-- Opening Marker --

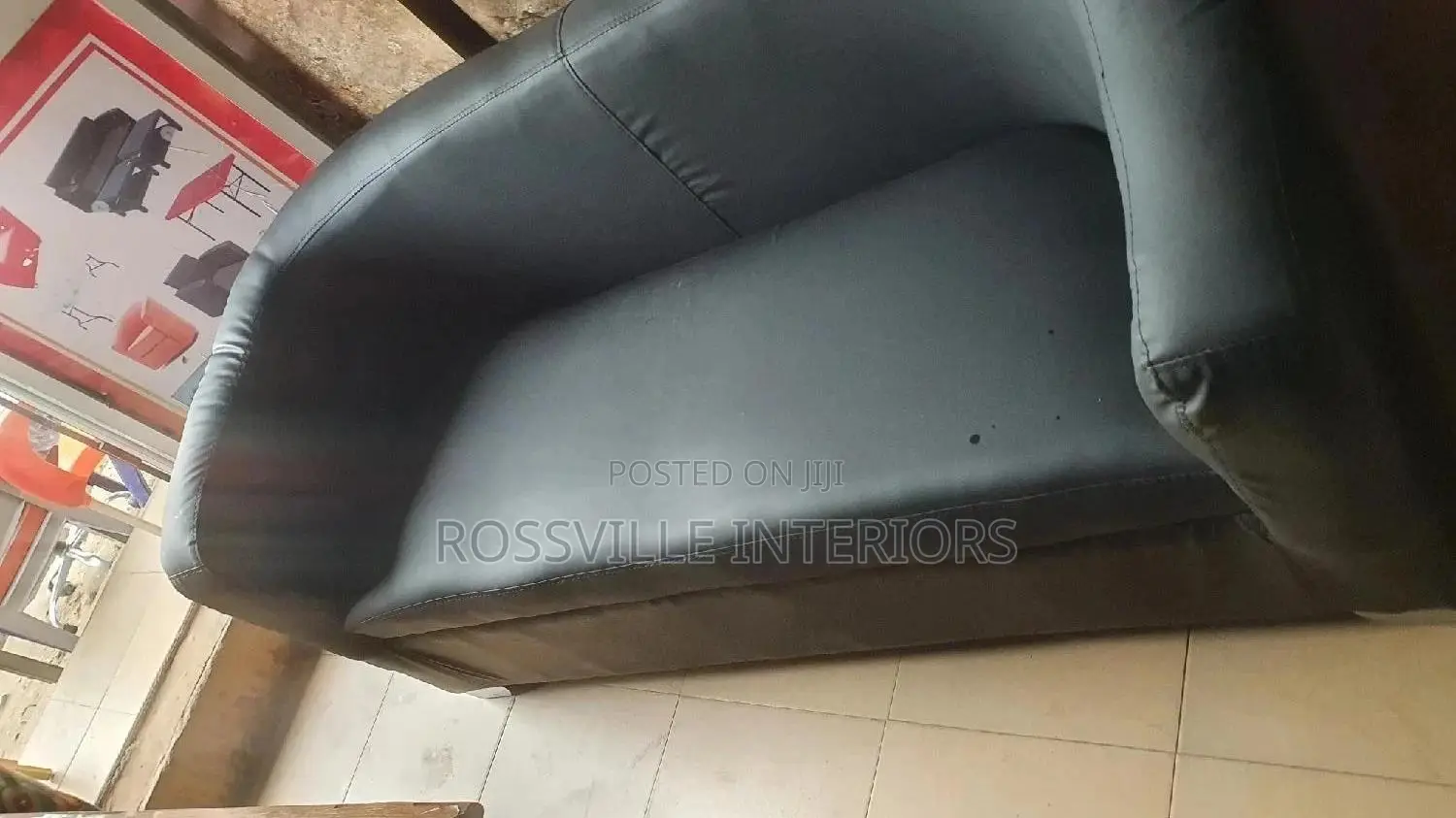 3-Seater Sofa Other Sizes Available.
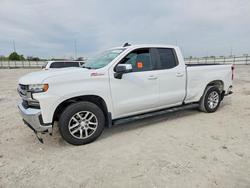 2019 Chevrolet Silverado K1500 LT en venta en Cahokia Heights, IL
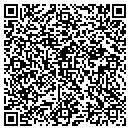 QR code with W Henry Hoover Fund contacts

-- Closing Marker --
-- Opening Marker --

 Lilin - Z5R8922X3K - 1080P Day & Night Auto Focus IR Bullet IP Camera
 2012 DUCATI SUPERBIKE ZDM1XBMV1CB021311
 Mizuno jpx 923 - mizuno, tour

-- Closing Marker --

■ **How to complete this task**
Would you set down only the lines above from the line with "3-Seater Sofa Other Sizes Available." to the line with "QR code with W Henry Hoover Fund contacts", both included, exactly as they stand and without the pictures?

■ **Finished exercise**
 3-Seater Sofa Other Sizes Available.
 2019 Chevrolet Silverado K1500 LT en venta en Cahokia Heights, IL
 QR code with W Henry Hoover Fund contacts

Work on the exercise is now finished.